I've got a problem with this whole "god's will" thing being thrown about around here.  Am I to understand that god wanted this child to die simply because she ended up dead from her parent's inaction?  By that argument you can argue anything, rape, murder, child molestation, all to be god's will.  If that's his will I'm glad I don't bend a knee to those beliefs.

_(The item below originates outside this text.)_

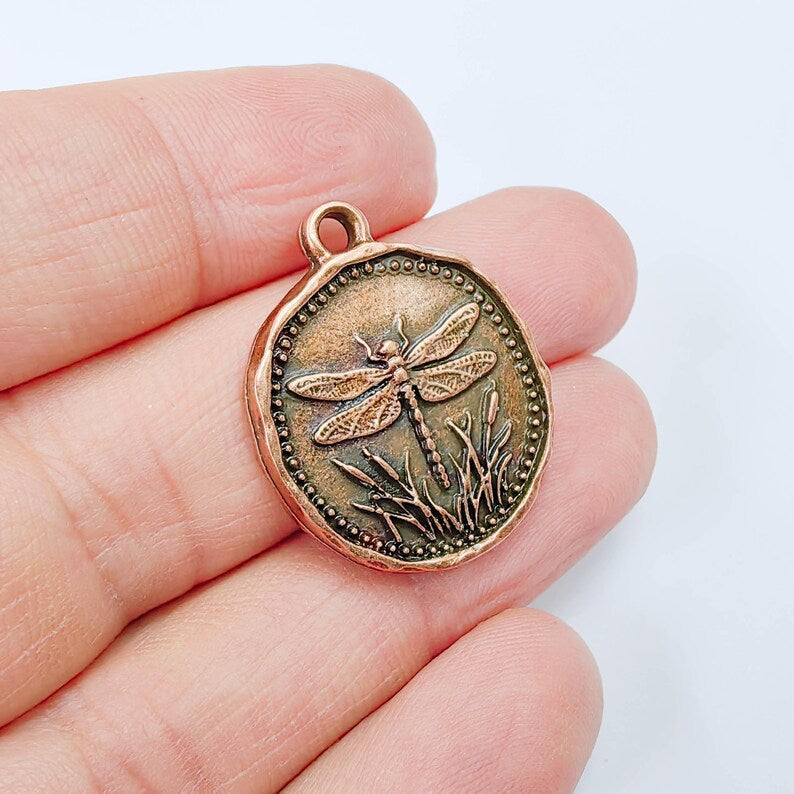 Dragonfly Charm Pendant, Double Sided Nature Design, Botanical Medallion, 28x24mm, Antique Copper Plated G37909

How do you know god's will anyways, does he call you up?  Does it come to you through some divine revelation?  Is anything that happens construed as god's will?


----------



## thardey (Aug 11, 2009)

5-0 Kenpo said:


> You have a very cogent position, although I do disagree with some of your positions, as stated.
> 
> It is not that I have a problem with judgements, per se. What I was trying to point out, apparently unsuccessfully, is that a lot of people here form a philosophy, but then only apply it to positions that suit their purpose, rather then appy it across the board. *[snipped]* And that is the type of judgement that I condem here. To me, I see no difference.


 
Can't disagree with most of that! I see what you are saying, and point well taken.
:asian:


----------



## Ken Morgan (Aug 11, 2009)

thardey said:


> I call it as I see it. If you prefer, I could preface every single thought with "IMHO," but at the core, that's all anyone is doing.
> 
> There are some things that other Christians believe that don't bother me if we disagree. There are some things that other Christians believe that I look at and say "it doesn't work" perhaps because I've tried it, perhaps because I've seen the results of the theology. In this case, I've tried it -- not to the point of another's death, thank God, but people tried to teach me that I don't have to take personal responsibility for my actions because everything is "up to God" and pre-ordained.
> 
> ...


 
Actually reread my posts on this subject if you will, I've never defended them or their actions. 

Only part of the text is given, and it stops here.